Depuis longtemps déjà, Jésus avait réuni autour de lui un certain nombre de disciples, outre les douze. C'est parmi eux qu'il en choisit soixante-dix, pour les envoyer devant lui, dans les localités de la Samarie qu'il devait visiter. Leur mission n'avait pas un caractère permanent comme celle dont les douze étaient chargés. Lorsqu'ils eurent traversé la Samarie et rejoint les autres disciples, il n'est plus fait aucune mention d'eux. En envoyant les soixante-dix, Jésus n'avait pas seulement l'intention de faire annoncer l'Évangile dans un plus grand nombre de lieux, pendant le laps de temps fort limité dont il disposait, puisqu'il voulait se trouver à Jérusalem pour la fête de la dédicace ; mais il tenait aussi à exercer leur foi et à leur fournir l'occasion de la confesser. De plus, par cet envoi des soixante-dix en Samarie, le Sauveur avait aussi en vue d'incliner les coeurs de tous ses disciples vers ces autres brebis « qui n'étaient pas de la bergerie » afin de les mettre en mesure de combattre plus tard l'étroitesse judaïque, qui s'opposait à l'entrée des païens dans l'Église chrétienne. Les instructions qu'il donna aux soixante-dix sont essentiellement les mêmes que celles des douze, ce qui était naturel, puisque les deux missions étaient identiques.

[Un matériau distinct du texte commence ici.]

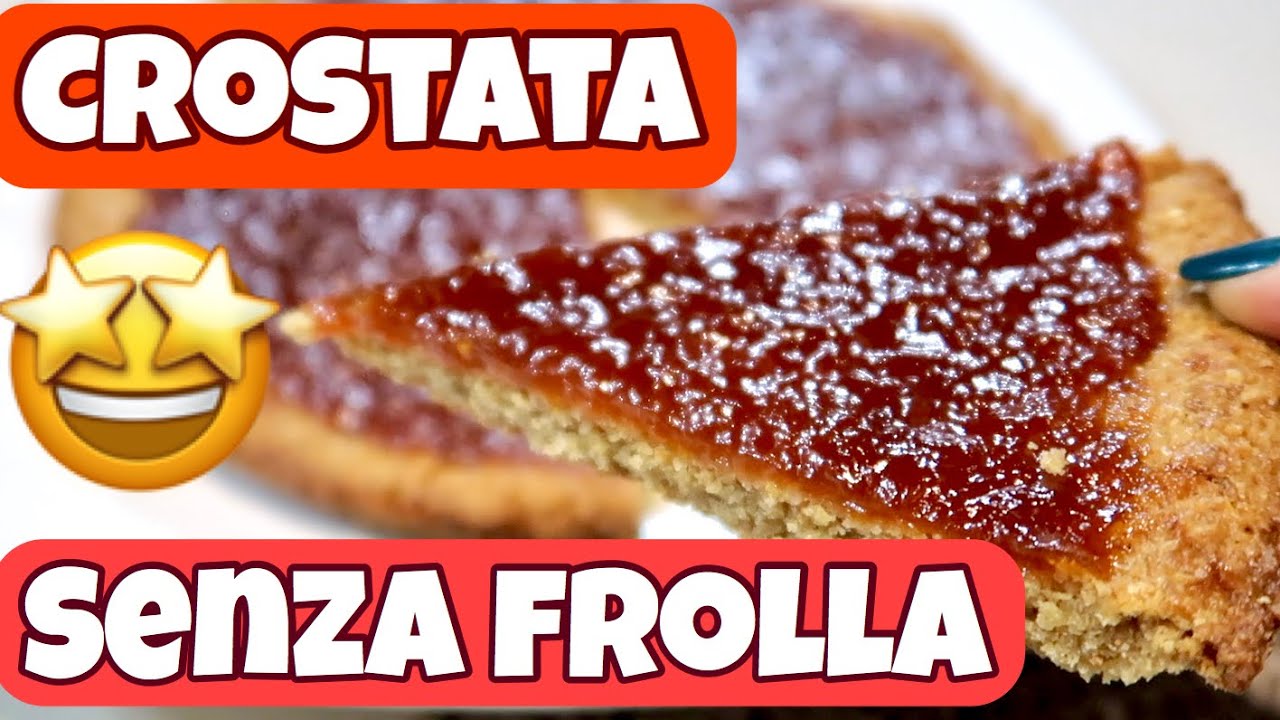 crostata con farina di avena e marmellata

Lorsque les soixante-dix furent de retour, ils dirent avec joie à leur Maître : Seigneur, les démons mêmes nous sont assujettis par ton nom ! En les envoyant, le Sauveur leur avait bien donné le pouvoir de guérir les malades (9). Mais il n'avait pas fait une mention expresse des expulsions de démons. C'est pourquoi les disciples se réjouissaient d'autant plus que leur Maître leur eût permis de faire ces miracles en son nom. Leur joie était d'autant plus vive, qu'ils avaient vu les douze eux-mêmes incapables de guérir le jeune lunatique. Jésus leur confirme, ainsi qu'à tous les croyants, leur pouvoir sur les démons, dont la puissance est désormais brisée par son oeuvre expiatoire. Toutefois, la joie que leur causaient leurs succès n'était pas complètement pure. Ils oubliaient qu'ils n'avaient été que les instruments du nom de Jésus, et commençaient à s'enorgueillir. Jésus pourvoit à ce que le démon qu'ils ont chassé des autres, ne pénètre pas dans leurs coeurs par la porte de cette joie. Ne vous réjouissez pas seulement de ce que les démons vous sont assujettis, mais réjouissez-vous encore plus de ce que vos noms sont écrits dans le livre de vie. Si le Seigneur ne nous reconnaît pas pour siens, il ne nous sert de rien d'avoir chassé les démons. À la joie que nous causent nos dons et nos oeuvres, il se mêle trop facilement de l'impureté et de l'ambition. C'est pourquoi, ce qui doit nous réjouir, c'est que nous sommes de pauvres pécheurs qui avons un Sauveur. Ce qui nous rend heureux, ce ne sont pas nos dons, ce ne sont pas nos oeuvres, c'est uniquement notre foi.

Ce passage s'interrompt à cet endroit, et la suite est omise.